GOAL OF THE EXERCISE: The line containing "CHERRY, DON – CHERRY, DON – BLUE LAKE" marks the start of the required copy, which runs to the final line of the entries; return those lines exactly, without any pictures.
ENTRIES SUPPLIED section start
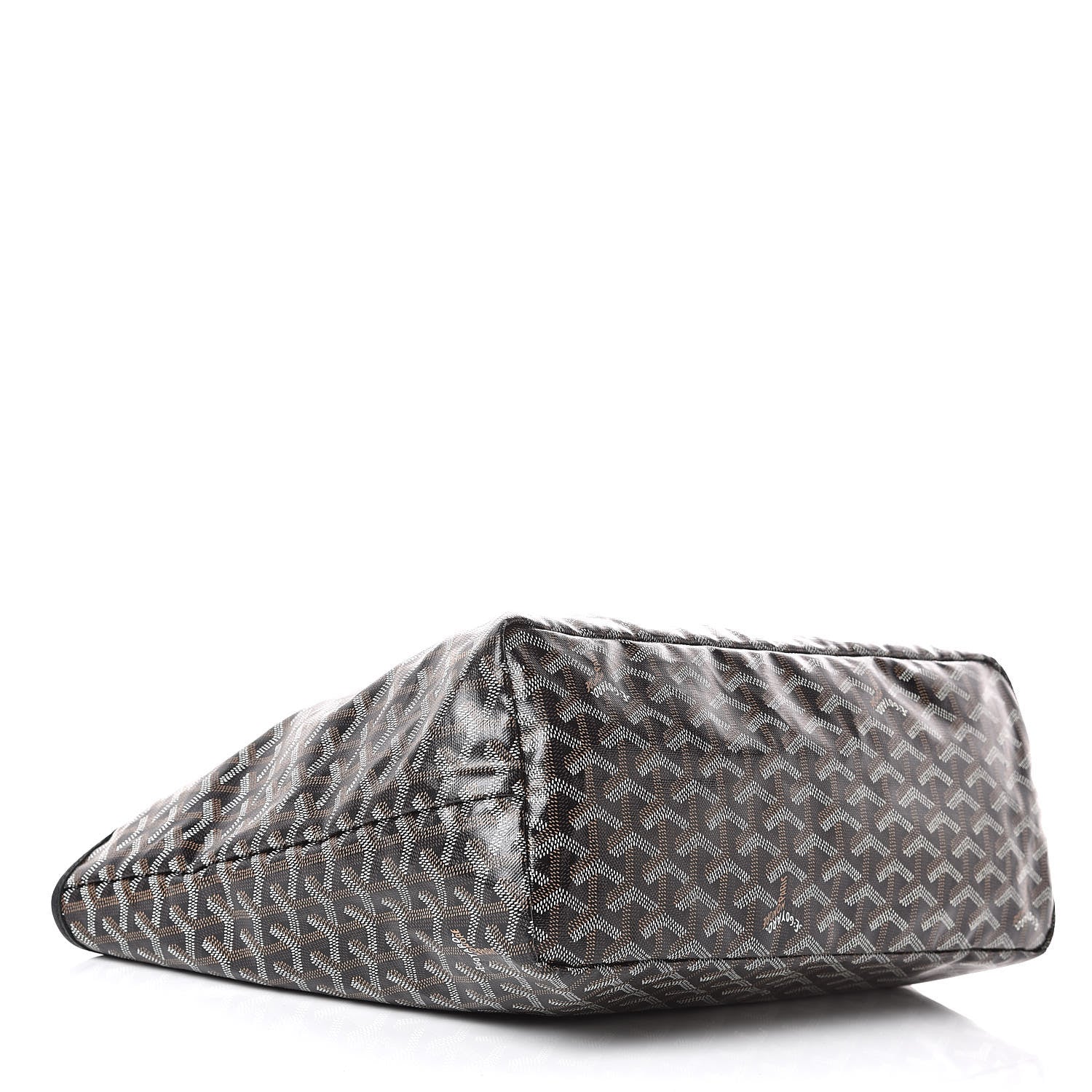 Goyard Goyardine Saint Louis PM Black 5 of 10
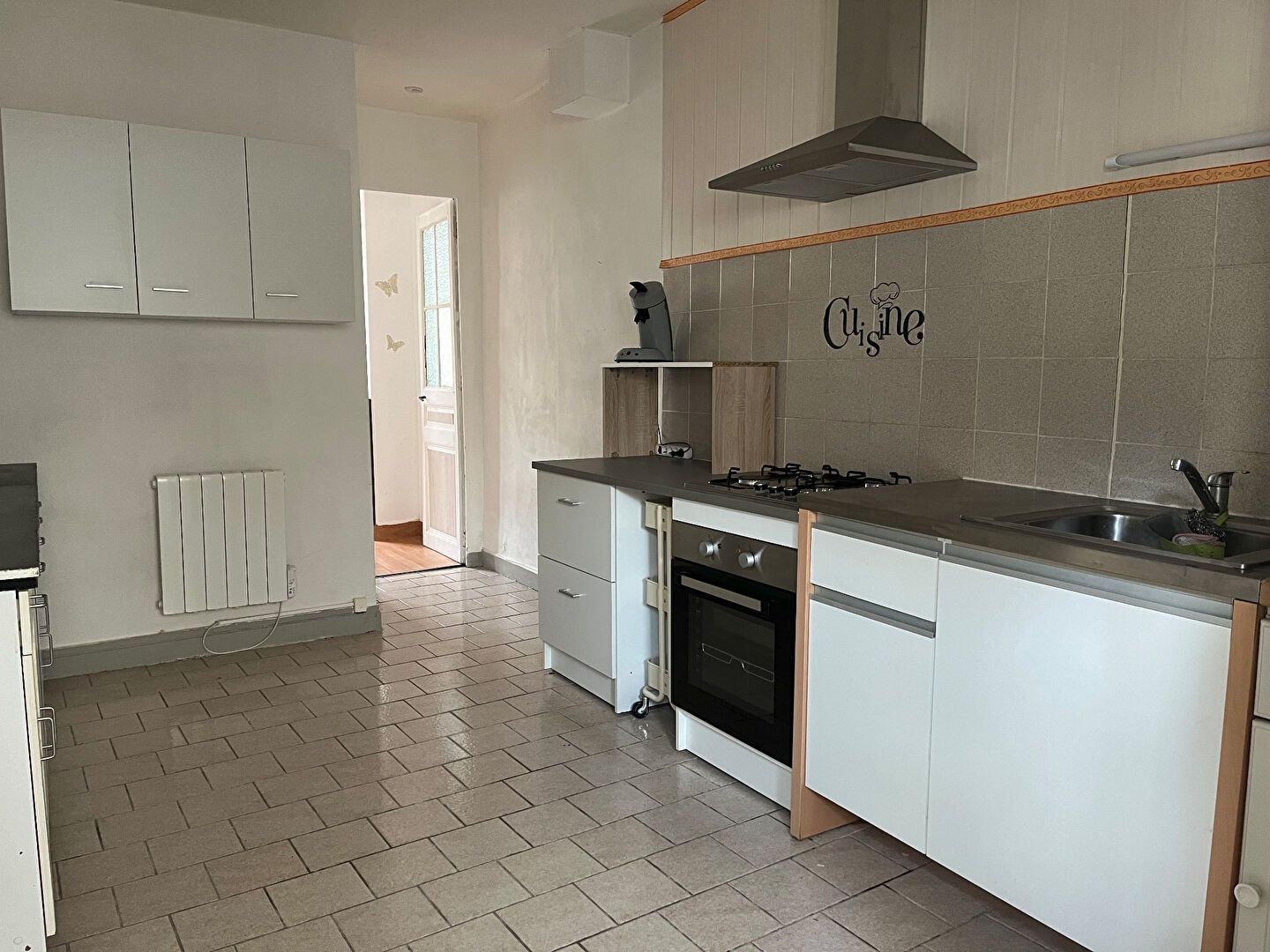 Maison à vendre - 5 pièces - 107m2 - Châtellerault (86100)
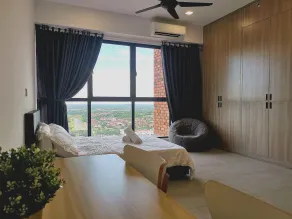 Bell Suite Sepang Kota Warisan KLIA by MHS - Chambre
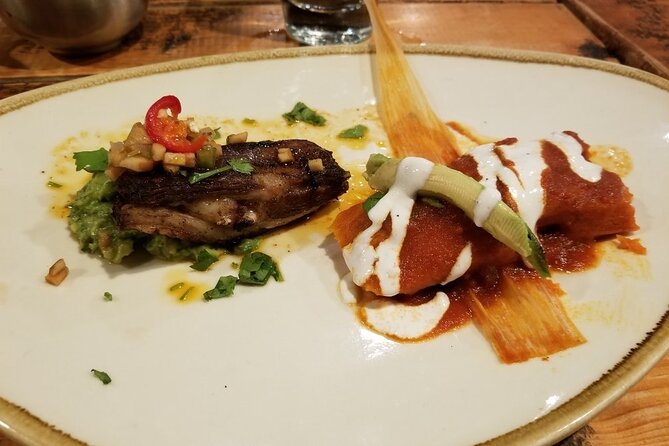 Gastronomic Georgetown Walking Food Tour - Should you book the Gastronomic Georgetown Walking Food Tour?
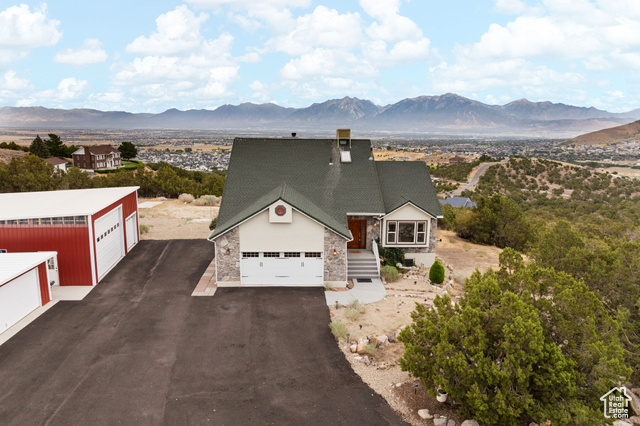 14390 S SHAGGY MOUNTAIN RD, Herriman UT 84096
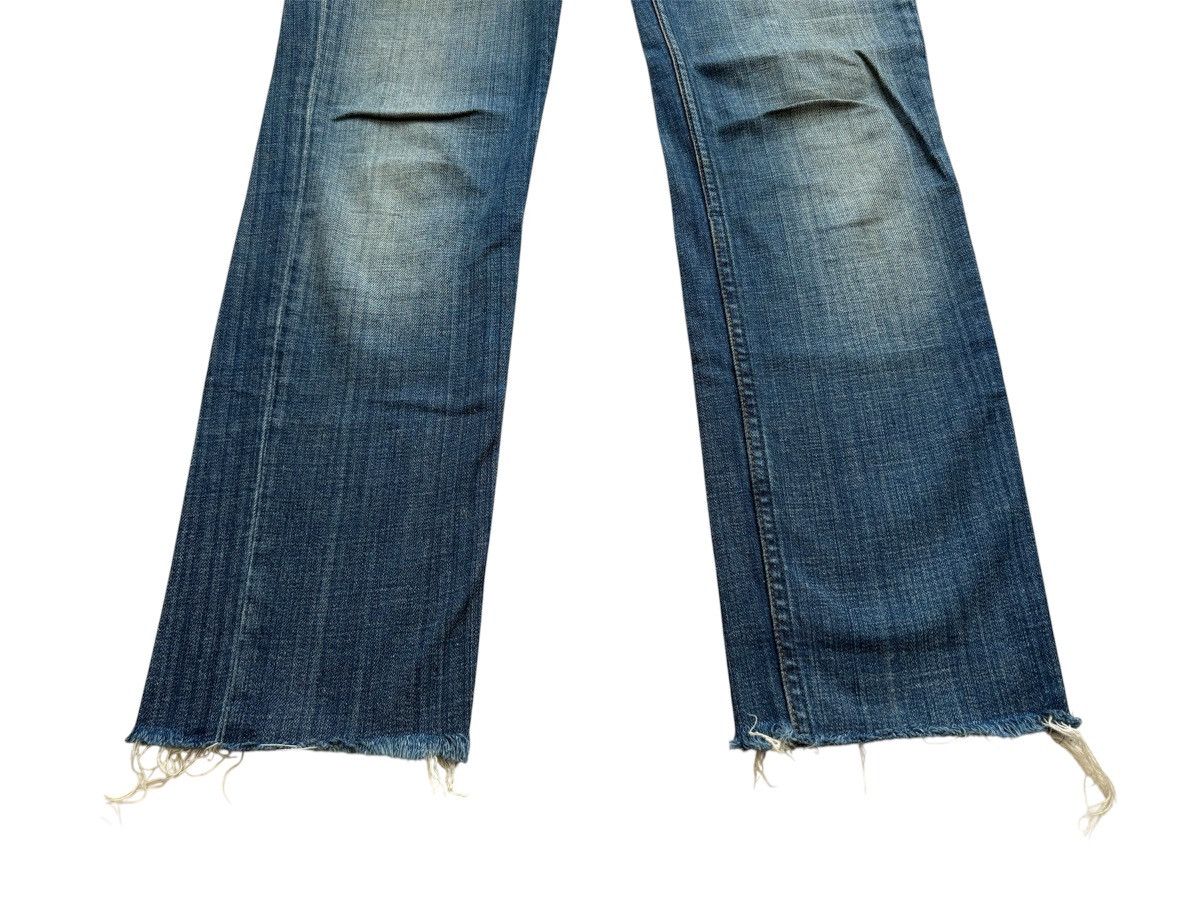 Acne Studios Acne Studios Ace Stretch Vint Indigo Jeans Denim Size US 30 / EU 46 - 5 Thumbnail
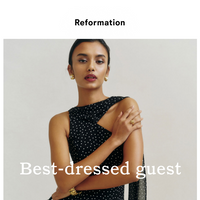 Reformation email thumbnail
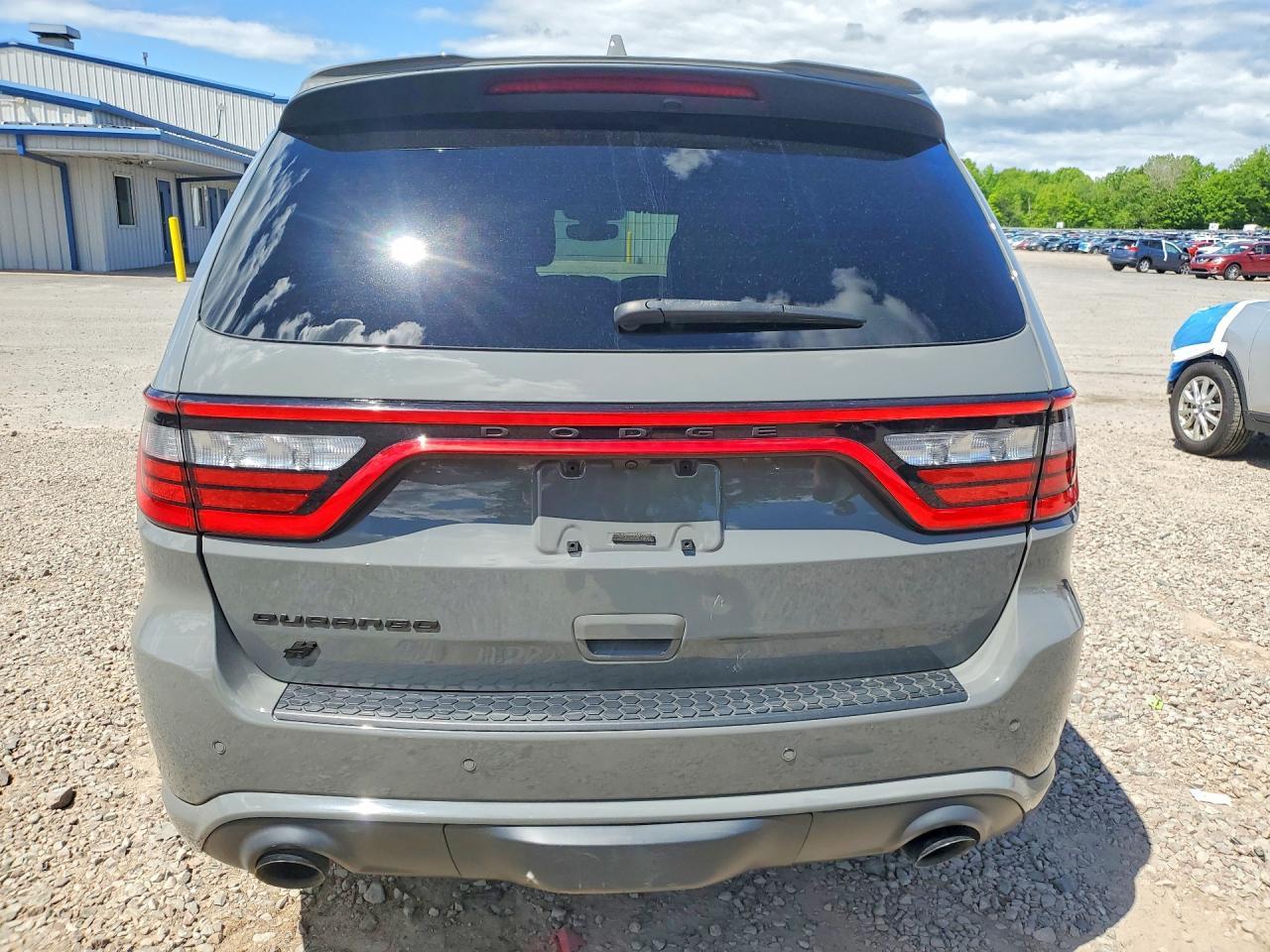 2021 DODGE DURANGO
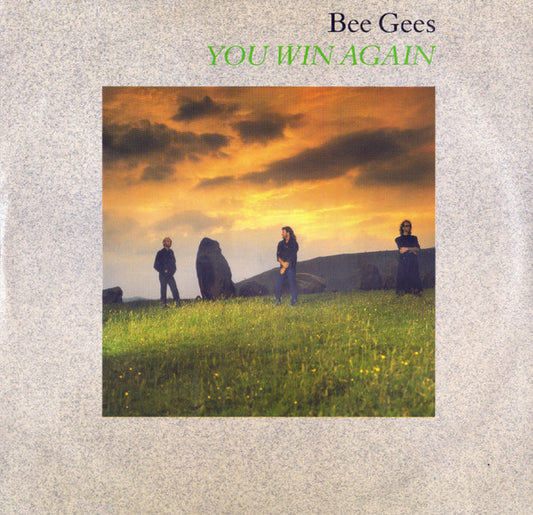 Bee Gees – You Win Again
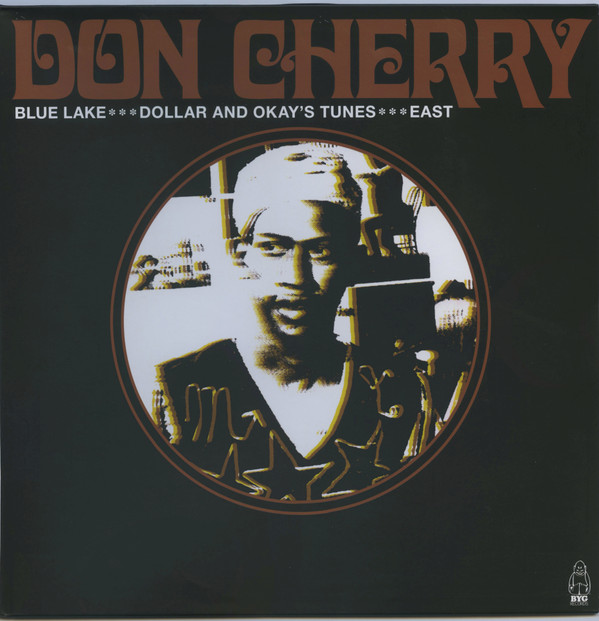 CHERRY, DON – CHERRY, DON – BLUE LAKE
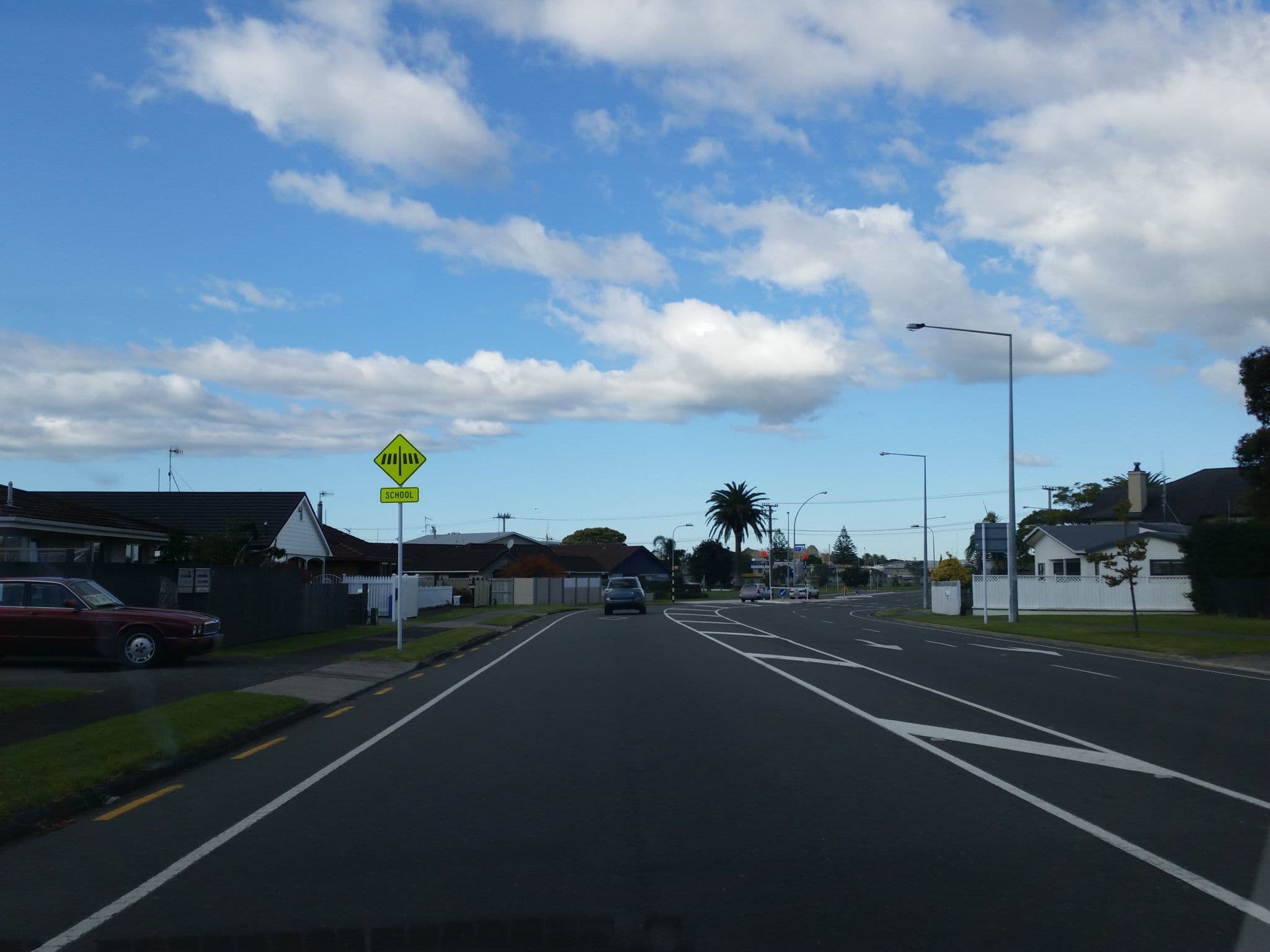 Street view near Cobblestone Court Motel - Wenzel Motels, Otumoetai — © bmannz (CC BY-SA · Mapillary)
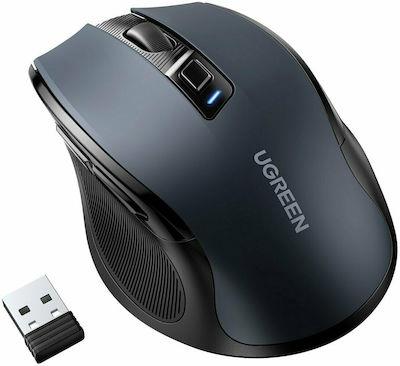 Ugreen Mouse Wireless Mu006 Black 90545
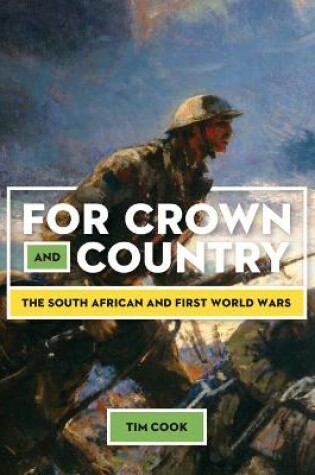 Cover of For Crown and Country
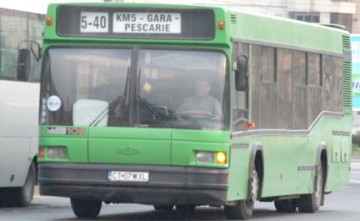 Atenţie, constănţeni! RATC deviază mai multe trasee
ENTRIES SUPPLIED section end
RESULT OF THE EXERCISE:
 CHERRY, DON – CHERRY, DON – BLUE LAKE
 Street view near Cobblestone Court Motel - Wenzel Motels, Otumoetai — © bmannz (CC BY-SA · Mapillary)
 Ugreen Mouse Wireless Mu006 Black 90545
 Cover of For Crown and Country
 Atenţie, constănţeni! RATC deviază mai multe trasee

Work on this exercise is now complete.